4) I suggest changing the order of the figure panels so that they are consistent with the order of the text (L338-350). e.g. they are referred to in the text in the following order: Fig 13 D, Fig 13 A, Fig 13 C, Fig 13 B, whereas it should be A, B, C and then D. Also, the text on L340 implies that Figure 13 only refer to then fish were shoaling (“but when fish did shoal”)? If so this should be mentioned in the figure caption.

5) In the Materials and Method section, I suggest moving the video camera text (L179-186 and L224-239) to be after the echo sounder text, so that it is in the same order to that where it is presented in the results.

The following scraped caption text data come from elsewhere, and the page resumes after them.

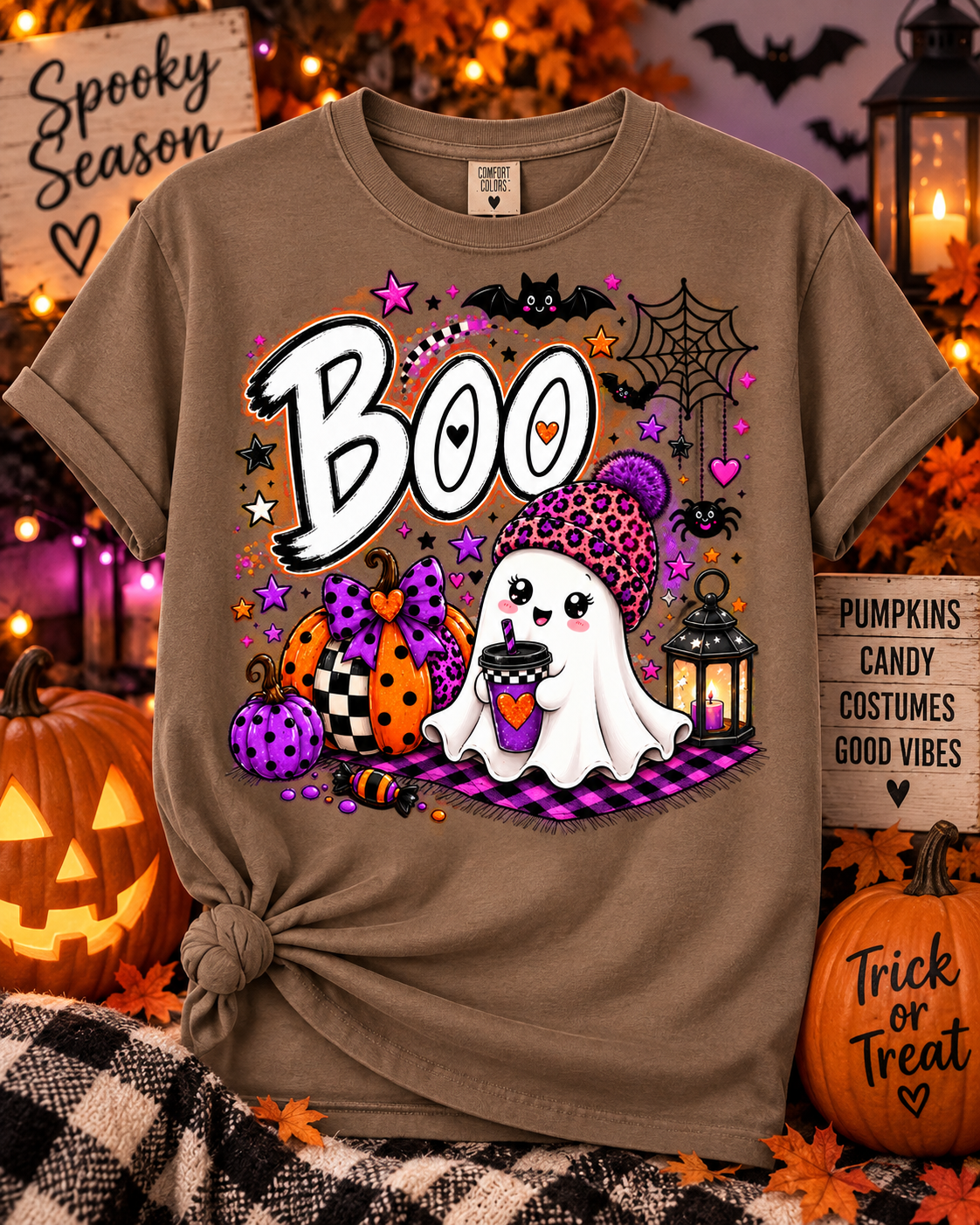 Cute BOO Halloween Ghost Tee – Spooky Season Shirt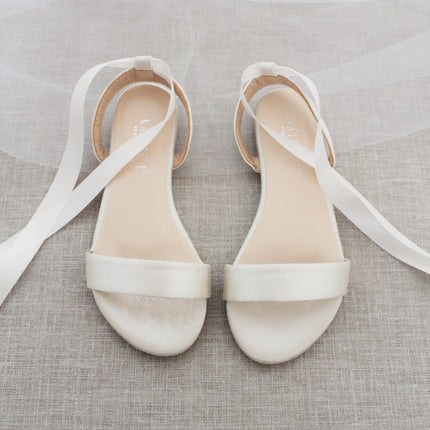 Girls Satin Flat Sandal with Ballerina Lace Up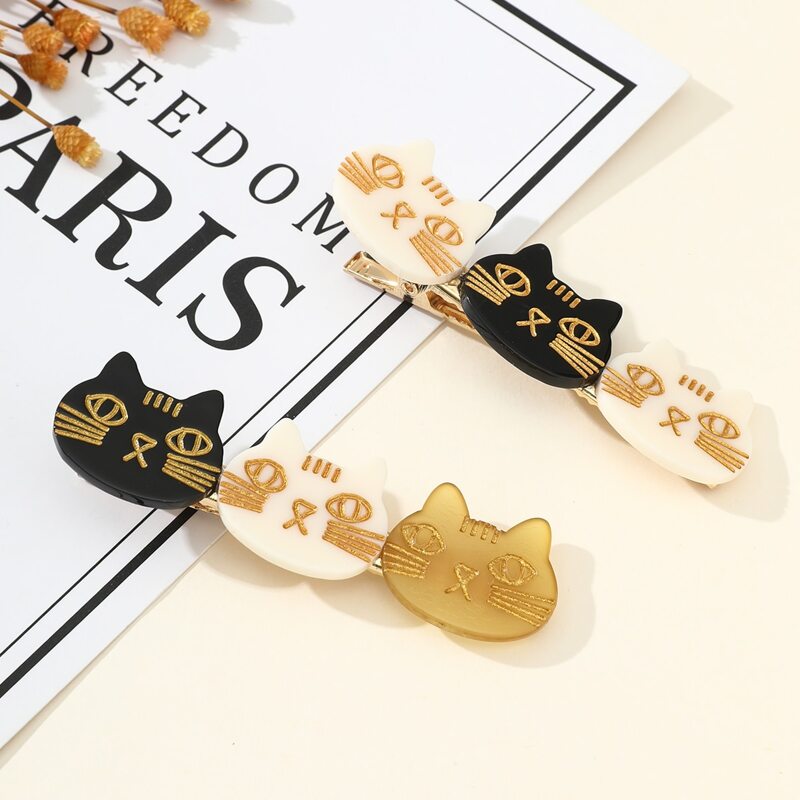 

2pcs Cartoon Cat Hair Clip, Multicolor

6) The figures could be improved.

Font sizes need to be increased.
Numbers should not be engineering notation. Axes should be capitalized (e.g. “Mar 04”, “count”).
Figure 1: the axes need labels, and the caption should specify “wave period (Tp)”. Tp (not T) should be used in the figures for the sake of consistency.
Figure 3: Can a scale be included? Or could this be superimposed onto Figure 1.
Legend for plots of shoal position and distribution: Suggest in full “Wave height (Hs)” “Wave period (Tp”).

7) Minor points

There are quite a few small changes that could improve clarity, including:
L45: “44 %”?
L69: remove comma after “there is a risk”
L93: should be “a recent study has found”
L122: specify the country
L124 better as “The maximum wave height measured at the most exposed cages is 5.3 m”.
L127: remove “the one”
L155: remove italics from “coming”
L175: “these did not”, not “these do not”
L225: “at a two hour interval”, not «with…»?
L321: “were distributed nearer to the surface” or “were distributed higher within the water column” better than “were generally higher up”
L334: Could be better expressed: “Video data indicated a reduction in tail bear frequency with increasing wave size”
L359 “muddies the waters” is too informal. “makes interpreting the data more difficult”?
L369 “cast more light” is too informal. “provide more information”?
L397: “However, the number of fish in the shoal does not explain the depth change as all of the shoal at the back is above 8m depth in large, long period waves and strong currents.” Not very clear and needs rephrasing.